* Task prompt: Establish the number of lines below that contain the string "Guide". State that number alone.

Input data section start

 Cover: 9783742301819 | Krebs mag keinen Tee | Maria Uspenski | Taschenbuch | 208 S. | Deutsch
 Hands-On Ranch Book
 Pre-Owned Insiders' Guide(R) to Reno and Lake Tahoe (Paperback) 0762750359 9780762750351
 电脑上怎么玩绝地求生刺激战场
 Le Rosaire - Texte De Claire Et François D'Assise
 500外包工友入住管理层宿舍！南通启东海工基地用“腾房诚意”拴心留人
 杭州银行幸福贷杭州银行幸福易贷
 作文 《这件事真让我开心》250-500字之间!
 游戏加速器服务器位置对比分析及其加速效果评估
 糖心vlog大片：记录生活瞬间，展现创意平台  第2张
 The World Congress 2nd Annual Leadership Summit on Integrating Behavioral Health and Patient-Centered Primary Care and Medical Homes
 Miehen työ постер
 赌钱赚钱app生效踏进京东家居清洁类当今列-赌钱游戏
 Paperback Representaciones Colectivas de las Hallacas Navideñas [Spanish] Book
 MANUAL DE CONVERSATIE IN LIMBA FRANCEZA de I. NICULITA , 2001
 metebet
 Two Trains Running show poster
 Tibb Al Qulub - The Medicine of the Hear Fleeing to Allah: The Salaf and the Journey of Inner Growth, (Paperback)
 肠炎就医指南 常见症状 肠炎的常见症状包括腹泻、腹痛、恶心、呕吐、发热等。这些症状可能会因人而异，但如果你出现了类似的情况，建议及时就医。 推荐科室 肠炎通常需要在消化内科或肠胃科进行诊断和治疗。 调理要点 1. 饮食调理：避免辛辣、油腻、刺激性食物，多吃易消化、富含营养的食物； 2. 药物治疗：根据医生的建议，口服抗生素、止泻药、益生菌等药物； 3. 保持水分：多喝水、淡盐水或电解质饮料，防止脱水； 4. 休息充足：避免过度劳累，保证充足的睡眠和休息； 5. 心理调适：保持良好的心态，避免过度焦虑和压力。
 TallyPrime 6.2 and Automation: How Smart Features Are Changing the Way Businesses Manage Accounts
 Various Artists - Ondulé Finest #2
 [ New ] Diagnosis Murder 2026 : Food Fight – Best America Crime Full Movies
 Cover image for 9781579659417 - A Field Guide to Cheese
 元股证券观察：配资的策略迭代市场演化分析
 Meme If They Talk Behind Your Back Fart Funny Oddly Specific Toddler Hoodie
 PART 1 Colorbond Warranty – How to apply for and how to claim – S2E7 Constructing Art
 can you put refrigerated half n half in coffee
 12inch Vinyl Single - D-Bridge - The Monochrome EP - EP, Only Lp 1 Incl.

Input data section end

* Completed exercise: 2